━━ Material shown

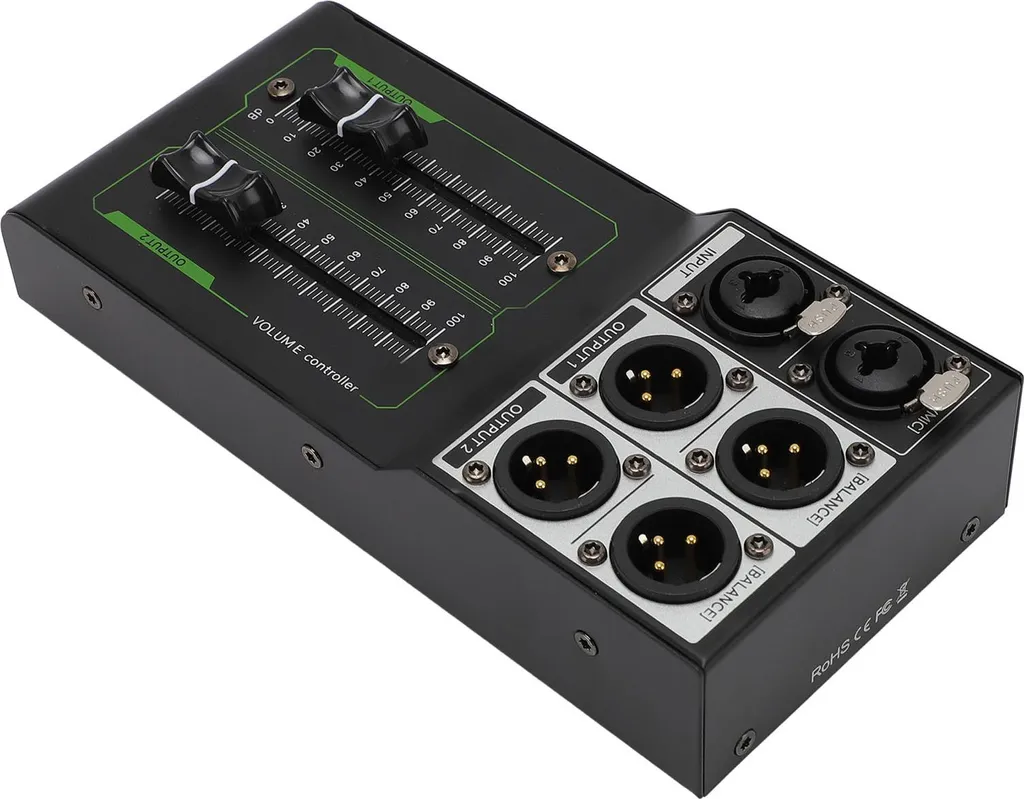 Ein schwarzer Audio-Lautstärkeregler mit zwei vertikalen Reglern und mehreren XLR-Anschlüssen.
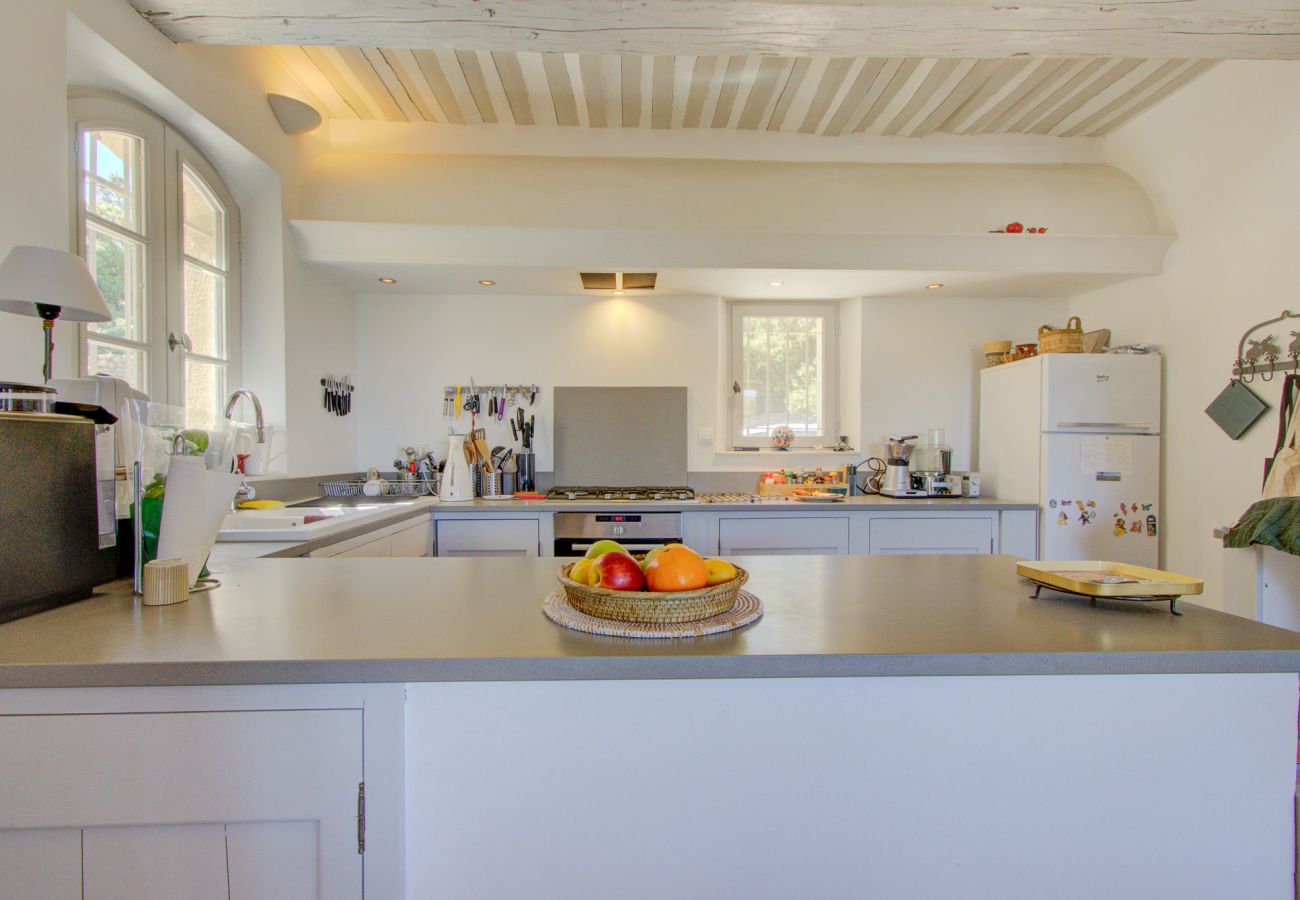 Maison à Saint-Restitut - Mas Provençal en pierre avec vue Panoramique & Piscine- Saint-Restitut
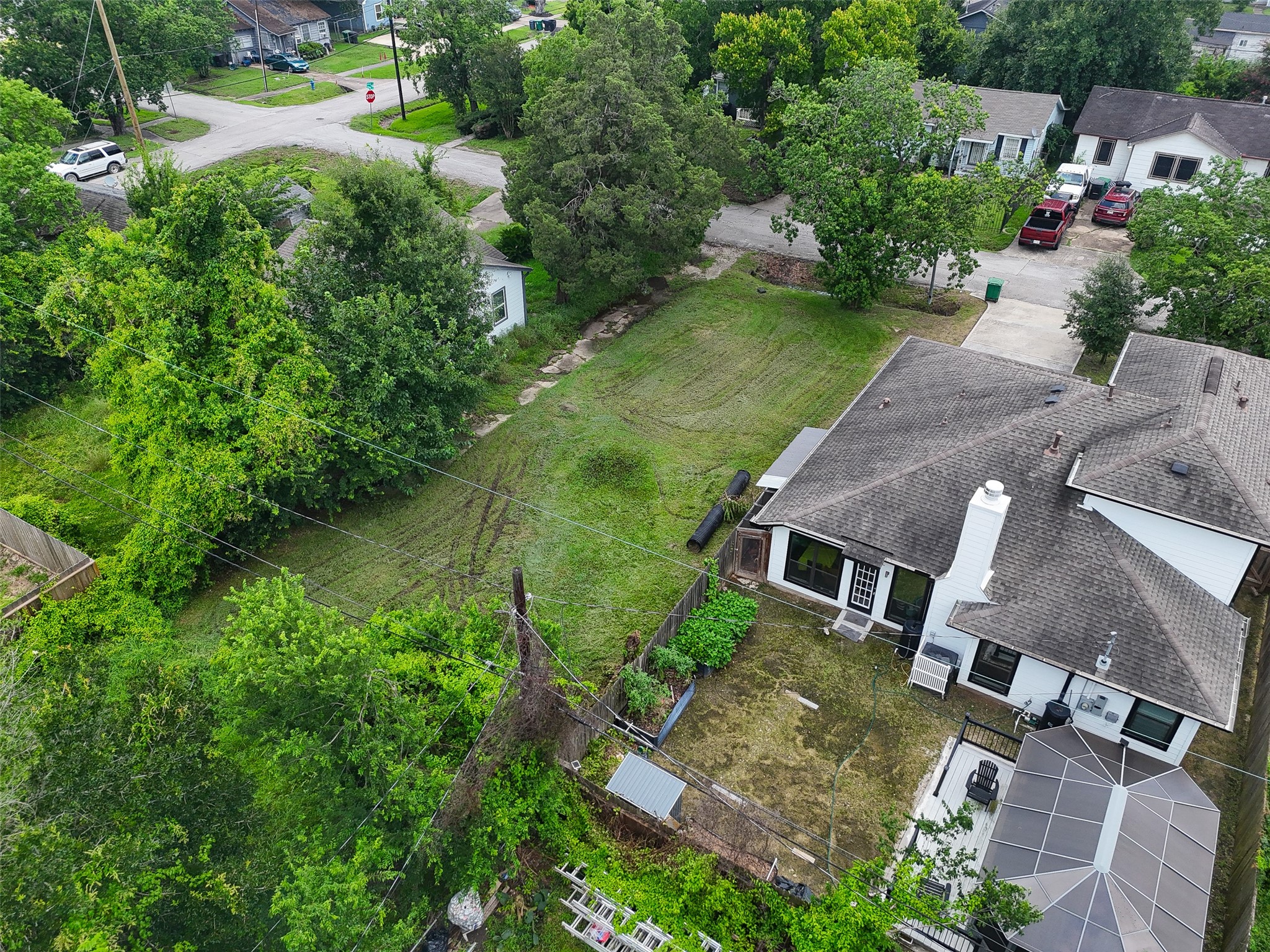 7008 Conley Street Property Photo 3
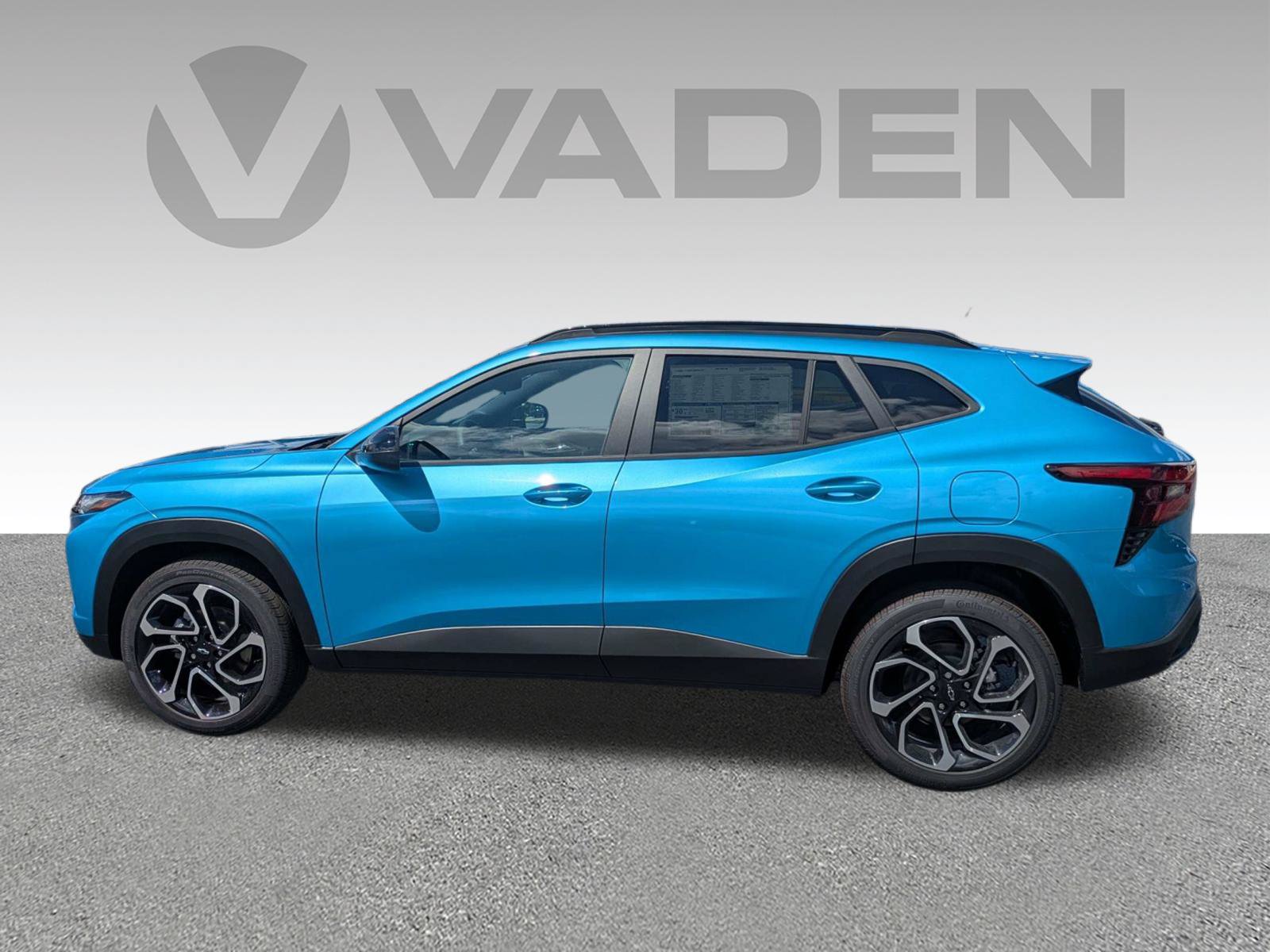 New 2026 Chevrolet Trax RS w/ Sunroof Package FWD image 29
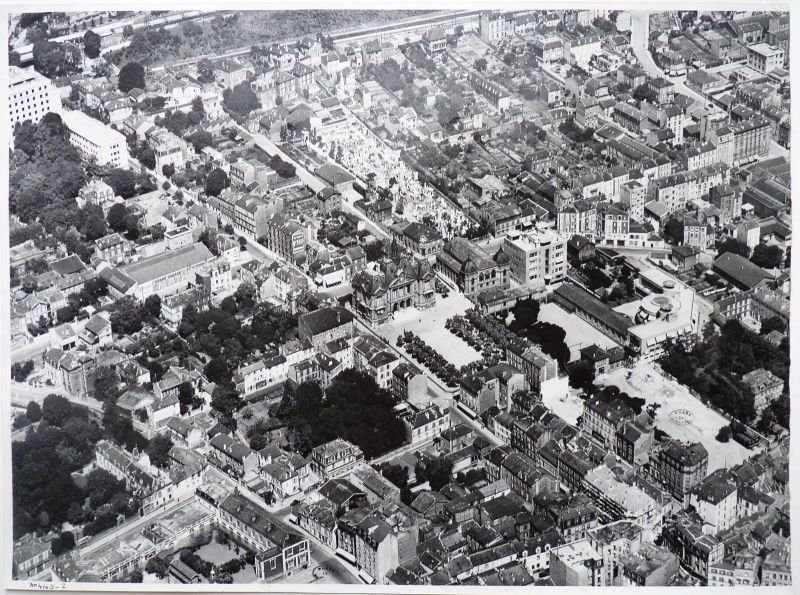 Vue aérienne du quartier de la mairie de Suresnes ; © Lucille PENNEL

━━━━

What you have to do:
Write out each entry word for word, images excluded.

Exercise answer:
 Ein schwarzer Audio-Lautstärkeregler mit zwei vertikalen Reglern und mehreren XLR-Anschlüssen.
 Maison à Saint-Restitut - Mas Provençal en pierre avec vue Panoramique & Piscine- Saint-Restitut
 7008 Conley Street Property Photo 3
 New 2026 Chevrolet Trax RS w/ Sunroof Package FWD image 29
 Vue aérienne du quartier de la mairie de Suresnes ; © Lucille PENNEL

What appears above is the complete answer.